--- INPUT DATA ---
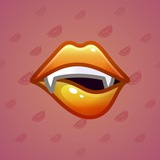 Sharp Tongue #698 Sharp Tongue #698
---
--- INPUT DATA ---
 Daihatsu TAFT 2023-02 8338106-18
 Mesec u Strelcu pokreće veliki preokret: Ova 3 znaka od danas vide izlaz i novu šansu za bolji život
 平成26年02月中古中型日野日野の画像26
---
--- INPUT DATA ---
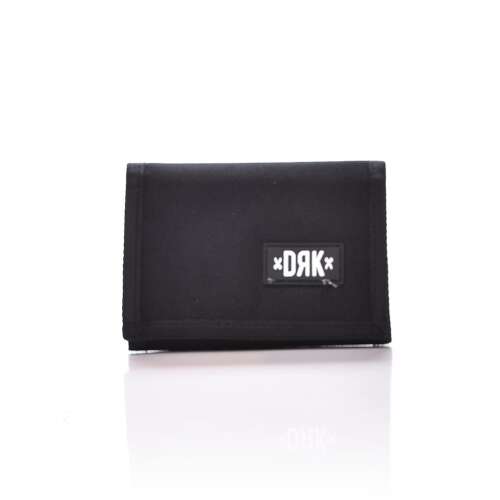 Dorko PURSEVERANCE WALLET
---
#### WORK REQUEST:
Transcribe, exactly and without additions, the lines of the records above, beginning with the line that contains "Mesec u Strelcu" and ending with the line that contains "平成26年02月中古中型日野日野の画像26", both included.

#### TASK RESULT:
 Mesec u Strelcu pokreće veliki preokret: Ova 3 znaka od danas vide izlaz i novu šansu za bolji život
 平成26年02月中古中型日野日野の画像26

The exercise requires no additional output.